Stored data
○ ○ ○ ○ ○ ○ ○

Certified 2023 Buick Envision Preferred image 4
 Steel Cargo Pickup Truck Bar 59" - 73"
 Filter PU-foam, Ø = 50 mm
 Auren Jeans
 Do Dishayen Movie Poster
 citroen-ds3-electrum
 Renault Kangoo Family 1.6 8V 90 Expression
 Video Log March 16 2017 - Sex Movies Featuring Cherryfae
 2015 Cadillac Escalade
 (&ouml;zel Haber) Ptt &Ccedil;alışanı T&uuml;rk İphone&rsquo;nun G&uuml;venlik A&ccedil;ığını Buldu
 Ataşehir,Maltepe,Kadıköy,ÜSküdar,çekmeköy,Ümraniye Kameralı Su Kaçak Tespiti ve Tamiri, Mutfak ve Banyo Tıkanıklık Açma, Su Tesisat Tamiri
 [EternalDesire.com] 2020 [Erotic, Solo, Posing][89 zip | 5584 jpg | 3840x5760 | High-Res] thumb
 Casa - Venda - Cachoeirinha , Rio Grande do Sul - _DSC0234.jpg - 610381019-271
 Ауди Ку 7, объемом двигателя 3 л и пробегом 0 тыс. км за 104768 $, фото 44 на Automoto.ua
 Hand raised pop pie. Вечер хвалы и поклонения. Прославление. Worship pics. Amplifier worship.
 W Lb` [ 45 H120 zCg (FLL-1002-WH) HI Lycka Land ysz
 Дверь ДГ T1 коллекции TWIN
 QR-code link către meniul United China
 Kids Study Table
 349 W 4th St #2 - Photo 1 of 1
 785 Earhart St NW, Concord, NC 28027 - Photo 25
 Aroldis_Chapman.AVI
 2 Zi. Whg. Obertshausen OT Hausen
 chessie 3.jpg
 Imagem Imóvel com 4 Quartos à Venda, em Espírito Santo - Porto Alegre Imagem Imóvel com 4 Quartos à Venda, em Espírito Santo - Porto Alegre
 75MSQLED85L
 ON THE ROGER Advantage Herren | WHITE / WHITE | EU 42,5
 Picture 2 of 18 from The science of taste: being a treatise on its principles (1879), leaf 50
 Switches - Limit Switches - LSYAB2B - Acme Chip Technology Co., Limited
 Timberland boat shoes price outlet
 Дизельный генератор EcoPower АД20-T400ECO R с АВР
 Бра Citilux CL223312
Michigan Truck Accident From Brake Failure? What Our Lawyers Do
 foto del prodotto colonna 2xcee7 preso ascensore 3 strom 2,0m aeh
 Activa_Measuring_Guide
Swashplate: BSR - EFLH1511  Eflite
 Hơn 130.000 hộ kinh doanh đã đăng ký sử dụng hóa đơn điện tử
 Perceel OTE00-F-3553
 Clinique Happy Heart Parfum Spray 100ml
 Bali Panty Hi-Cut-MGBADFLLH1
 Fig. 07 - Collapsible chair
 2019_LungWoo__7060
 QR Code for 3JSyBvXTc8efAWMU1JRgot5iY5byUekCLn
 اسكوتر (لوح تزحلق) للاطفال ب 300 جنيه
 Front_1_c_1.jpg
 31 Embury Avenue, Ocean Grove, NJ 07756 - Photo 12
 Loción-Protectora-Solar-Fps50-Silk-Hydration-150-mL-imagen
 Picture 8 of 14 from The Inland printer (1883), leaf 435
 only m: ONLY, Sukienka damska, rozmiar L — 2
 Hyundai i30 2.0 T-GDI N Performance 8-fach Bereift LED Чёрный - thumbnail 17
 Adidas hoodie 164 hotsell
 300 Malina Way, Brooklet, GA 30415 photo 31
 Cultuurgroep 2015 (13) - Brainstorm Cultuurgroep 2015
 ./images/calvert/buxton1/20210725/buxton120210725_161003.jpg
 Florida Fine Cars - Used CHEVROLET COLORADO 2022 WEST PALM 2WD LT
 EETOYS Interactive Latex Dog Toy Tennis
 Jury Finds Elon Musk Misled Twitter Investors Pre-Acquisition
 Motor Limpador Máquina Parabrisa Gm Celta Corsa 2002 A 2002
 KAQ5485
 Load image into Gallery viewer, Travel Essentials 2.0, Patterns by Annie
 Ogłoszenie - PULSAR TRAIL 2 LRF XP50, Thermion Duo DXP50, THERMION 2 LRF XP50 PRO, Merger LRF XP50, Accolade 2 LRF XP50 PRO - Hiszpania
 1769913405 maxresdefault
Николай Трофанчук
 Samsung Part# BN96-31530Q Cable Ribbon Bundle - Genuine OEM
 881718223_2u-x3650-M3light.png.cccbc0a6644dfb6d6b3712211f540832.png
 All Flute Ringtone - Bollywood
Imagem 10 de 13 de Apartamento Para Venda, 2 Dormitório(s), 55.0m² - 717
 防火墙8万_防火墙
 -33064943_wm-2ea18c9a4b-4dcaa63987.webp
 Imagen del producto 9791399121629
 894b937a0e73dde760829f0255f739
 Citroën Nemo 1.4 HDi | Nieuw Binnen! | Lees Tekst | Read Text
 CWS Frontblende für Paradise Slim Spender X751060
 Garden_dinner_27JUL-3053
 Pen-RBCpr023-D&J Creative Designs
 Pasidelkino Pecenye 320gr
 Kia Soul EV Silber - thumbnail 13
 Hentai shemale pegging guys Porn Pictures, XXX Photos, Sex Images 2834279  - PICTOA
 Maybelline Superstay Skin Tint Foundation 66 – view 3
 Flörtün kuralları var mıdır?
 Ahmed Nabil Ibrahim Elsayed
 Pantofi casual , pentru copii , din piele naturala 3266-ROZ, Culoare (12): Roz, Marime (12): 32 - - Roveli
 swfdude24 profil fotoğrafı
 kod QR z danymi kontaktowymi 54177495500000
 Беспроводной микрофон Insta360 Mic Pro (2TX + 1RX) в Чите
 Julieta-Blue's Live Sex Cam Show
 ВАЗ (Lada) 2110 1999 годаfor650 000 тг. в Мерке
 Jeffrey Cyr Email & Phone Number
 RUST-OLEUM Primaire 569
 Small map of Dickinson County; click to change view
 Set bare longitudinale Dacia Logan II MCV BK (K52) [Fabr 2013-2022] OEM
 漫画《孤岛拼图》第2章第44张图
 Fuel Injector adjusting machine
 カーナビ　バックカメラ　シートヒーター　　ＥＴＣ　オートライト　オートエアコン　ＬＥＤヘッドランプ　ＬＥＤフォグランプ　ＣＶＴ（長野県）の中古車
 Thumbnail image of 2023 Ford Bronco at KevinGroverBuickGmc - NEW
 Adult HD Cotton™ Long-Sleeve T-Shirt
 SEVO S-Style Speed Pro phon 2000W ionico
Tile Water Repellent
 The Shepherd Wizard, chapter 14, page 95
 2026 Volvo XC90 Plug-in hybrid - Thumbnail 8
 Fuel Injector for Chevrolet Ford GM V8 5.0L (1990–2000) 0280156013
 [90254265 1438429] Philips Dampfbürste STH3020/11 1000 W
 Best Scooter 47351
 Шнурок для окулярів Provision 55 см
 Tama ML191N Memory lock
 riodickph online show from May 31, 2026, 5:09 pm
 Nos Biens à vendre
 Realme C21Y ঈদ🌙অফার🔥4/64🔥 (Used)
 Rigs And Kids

○ ○ ○ ○ ○ ○ ○

▸ **WORK INSTRUCTION**
After locating the line holding "Motor Limpador Máquina" above, output exactly that line and every line after it through the line holding "Ahmed Nabil Ibrahim Elsayed". Include nothing else.

▸ **RESULT FOR THIS EXERCISE**
 Motor Limpador Máquina Parabrisa Gm Celta Corsa 2002 A 2002
 KAQ5485
 Load image into Gallery viewer, Travel Essentials 2.0, Patterns by Annie
 Ogłoszenie - PULSAR TRAIL 2 LRF XP50, Thermion Duo DXP50, THERMION 2 LRF XP50 PRO, Merger LRF XP50, Accolade 2 LRF XP50 PRO - Hiszpania
 1769913405 maxresdefault
Николай Трофанчук
 Samsung Part# BN96-31530Q Cable Ribbon Bundle - Genuine OEM
 881718223_2u-x3650-M3light.png.cccbc0a6644dfb6d6b3712211f540832.png
 All Flute Ringtone - Bollywood
Imagem 10 de 13 de Apartamento Para Venda, 2 Dormitório(s), 55.0m² - 717
 防火墙8万_防火墙
 -33064943_wm-2ea18c9a4b-4dcaa63987.webp
 Imagen del producto 9791399121629
 894b937a0e73dde760829f0255f739
 Citroën Nemo 1.4 HDi | Nieuw Binnen! | Lees Tekst | Read Text
 CWS Frontblende für Paradise Slim Spender X751060
 Garden_dinner_27JUL-3053
 Pen-RBCpr023-D&J Creative Designs
 Pasidelkino Pecenye 320gr
 Kia Soul EV Silber - thumbnail 13
 Hentai shemale pegging guys Porn Pictures, XXX Photos, Sex Images 2834279  - PICTOA
 Maybelline Superstay Skin Tint Foundation 66 – view 3
 Flörtün kuralları var mıdır?
 Ahmed Nabil Ibrahim Elsayed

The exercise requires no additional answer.